To illustrate the first concern, Dr. Maj noted that the Tondo et al. group elsewhere described an extended study group in which patients experienced a significantly higher proportion of time ill during the retreatment period. Because this study group was mentioned as “unpublished data” in a review chapter published in the same year as the Tondo et al. article, the methods used to acquire and describe the additional subjects are difficult to critique. Dr. Maj’s point, though, does raise a methodological issue to which our report only alluded.

Study groups drawn from treatment-seeking populations are biased toward relative illness severity and persistence. By the same token, patients who are attending a clinic more frequently are more likely to be in a problematic phase of their illness than those with less frequent visits. If the group described by Tondo et al. was drawn from all of those “attending” a clinic in a given period of time, those who were experiencing a relatively difficult period in their illness would be overrepresented, and this would produce the impression that current therapies are less effective than past therapies. The prospective ascertainment of illness course provided with our data avoids this problem in that patients were tracked regardless of whether, or how often, they continued to seek treatment.

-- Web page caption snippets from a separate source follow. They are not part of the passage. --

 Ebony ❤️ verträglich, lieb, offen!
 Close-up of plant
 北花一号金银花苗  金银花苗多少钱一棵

The limited statistical power in our data would have been notable had trends existed toward longer times for recovery in the second treatment phase. A trend in the opposite direction was apparent, however; nearly 50% of the patients had recurrences within 2 years in the first well period, but just over 30% had recurrences within that time in the second well period.

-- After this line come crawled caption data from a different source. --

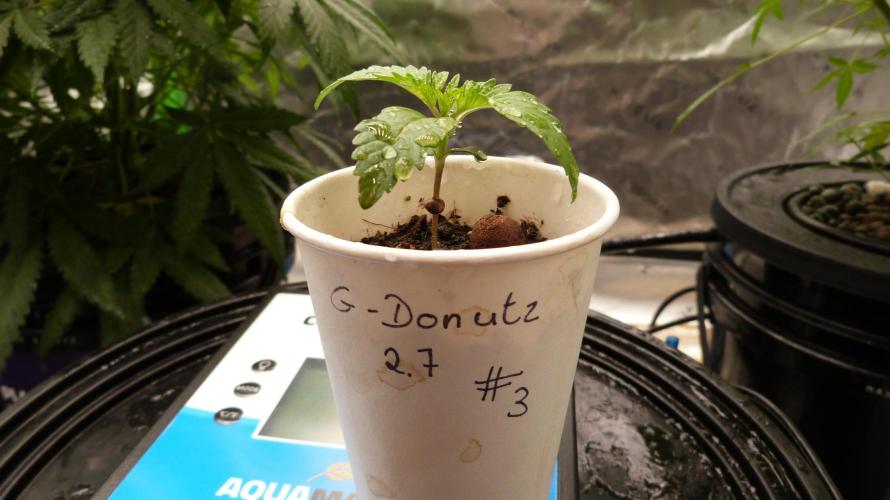 GoodGenetix G-Donutz Automatic. Week 2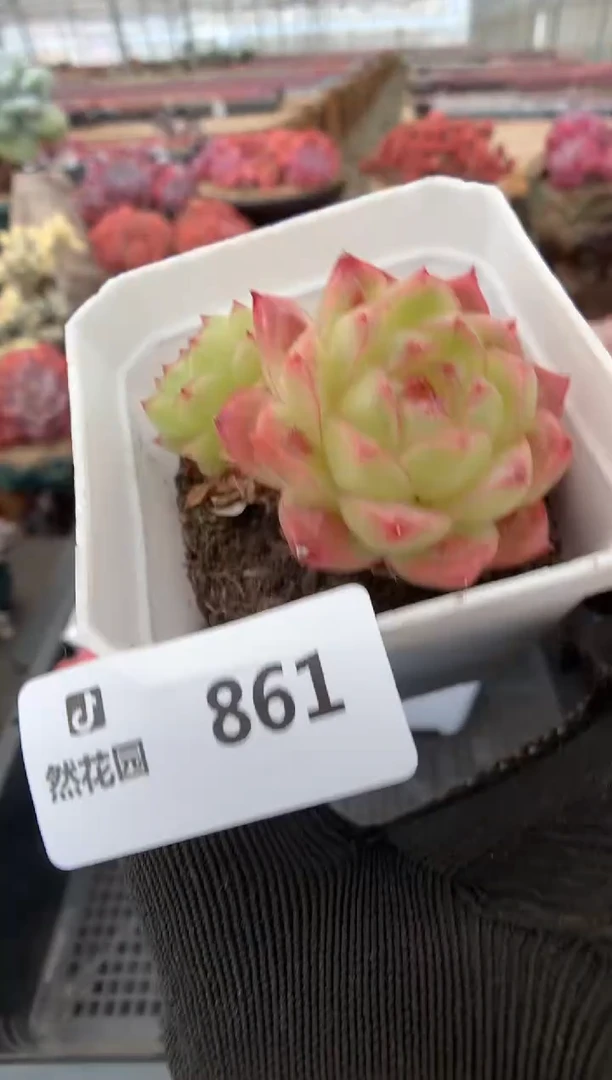 861珍妮麦秆一物一拍不包整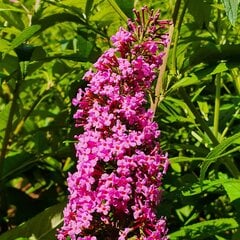 Buddleja Davidii Pink Delight 2L kaina ir informacija | Gyvos gėlės | pigu.lt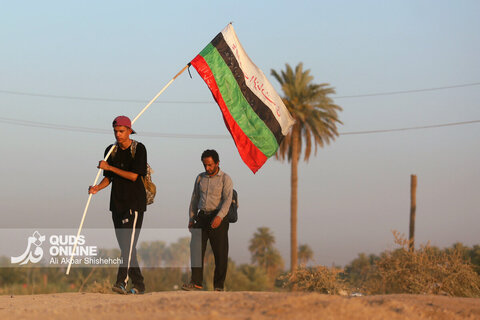 گزارش تصویری | پیاده روی زائران حسینی در مسیر نجف به کربلا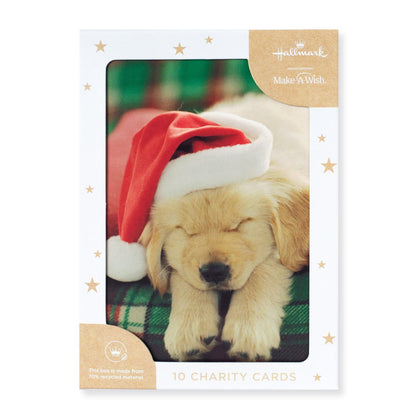 Hallmark 10 Pack Boxed Charity Christmas Cards - Pawesome Christmas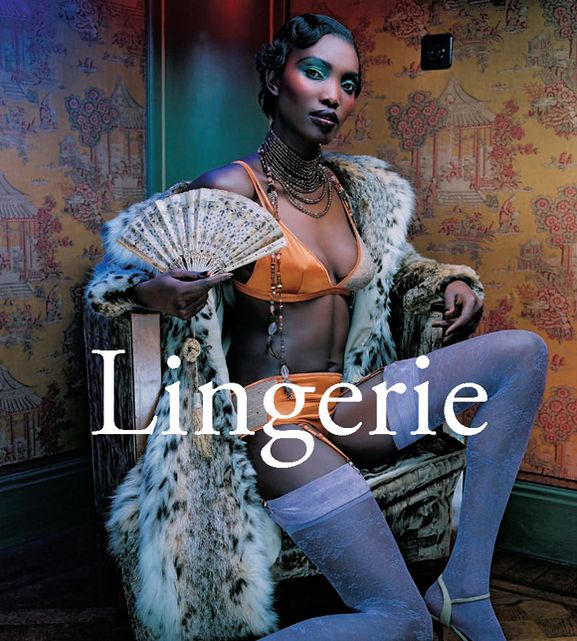 Lingerie (PagePerfect NOOK Book)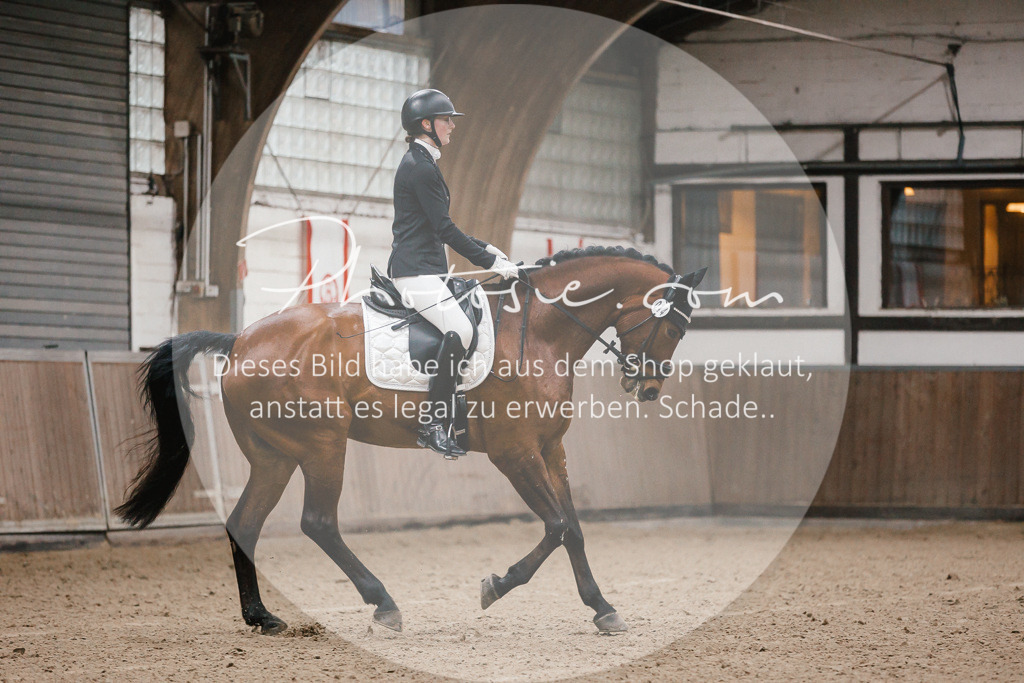 3I6A5987 | Stimmungsvolle Portraits und Reitsportfotografie im Ruhrgebiet und im Münsterland.

Pferdefotografie, Hundefotografie, Tierfotografie, Reportagen, Portraits von Tier und Mensch, Turnierfotografie in Bochum, Recklinghausen, Marl, Haltern am See, Dülmen.. - Realisiert mit Pictrs.com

It may be, as Dr. Maj’s second point implies, that the first lithium discontinuation—although not subsequent discontinuations—increases the likelihood of subsequent therapeutic resistance. We are not aware that this has been asserted in the pertinent literature, however.

We do not wish to prematurely dismiss the possibility that lithium discontinuation has long-term effects on lithium responsiveness. Given the biases likely to be operating in the reports of this effect, though, its application in clinical management would be premature at this point. Other prospectively observed study groups of patients with bipolar disorder exist, and the data from those studies could help settle this question.